• [THE PROBLEM]
Starting at the line that contains "Если бы я не был собой, ты бы не был тобой." in the listing below, write out every line word for word until you have written the line that contains "合成革的雕塑艺术，重塑生活纹理的现代诗篇".

--- STORED DATA Enclosed Below ---

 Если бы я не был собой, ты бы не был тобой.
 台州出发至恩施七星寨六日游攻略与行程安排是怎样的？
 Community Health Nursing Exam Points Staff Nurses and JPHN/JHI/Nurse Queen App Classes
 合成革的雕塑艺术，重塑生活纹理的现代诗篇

--- End of Enclosed STORED DATA ---
--- STORED DATA Enclosed Below ---

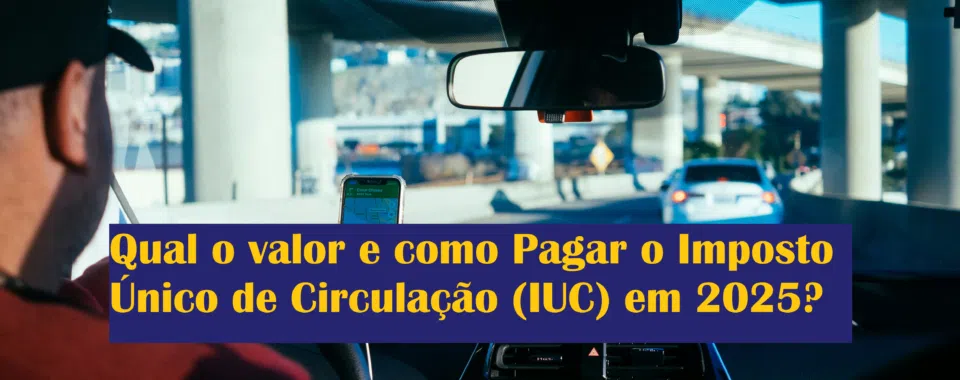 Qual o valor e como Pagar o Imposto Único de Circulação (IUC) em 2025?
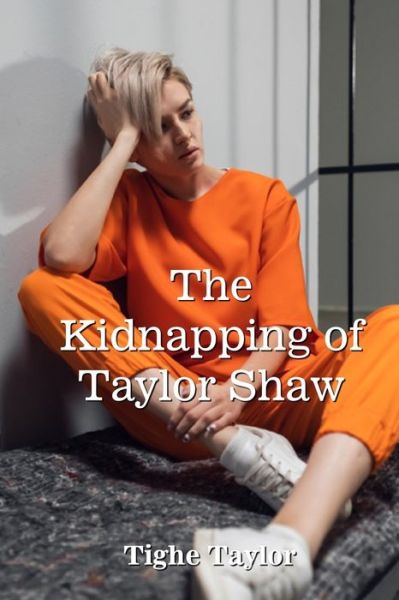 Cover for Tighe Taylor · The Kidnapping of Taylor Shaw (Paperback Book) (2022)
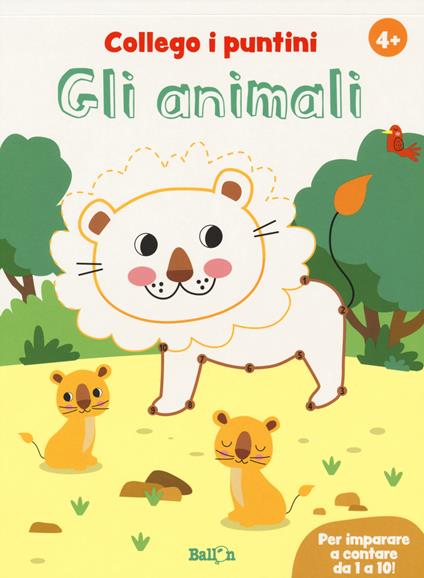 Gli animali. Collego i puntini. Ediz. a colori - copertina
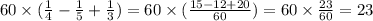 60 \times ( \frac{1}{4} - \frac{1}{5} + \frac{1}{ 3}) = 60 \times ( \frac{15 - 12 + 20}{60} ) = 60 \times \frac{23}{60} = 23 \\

--- End of Enclosed STORED DATA ---

• [COMPLETED EXERCISE]
 Если бы я не был собой, ты бы не был тобой.
 台州出发至恩施七星寨六日游攻略与行程安排是怎样的？
 Community Health Nursing Exam Points Staff Nurses and JPHN/JHI/Nurse Queen App Classes
 合成革的雕塑艺术，重塑生活纹理的现代诗篇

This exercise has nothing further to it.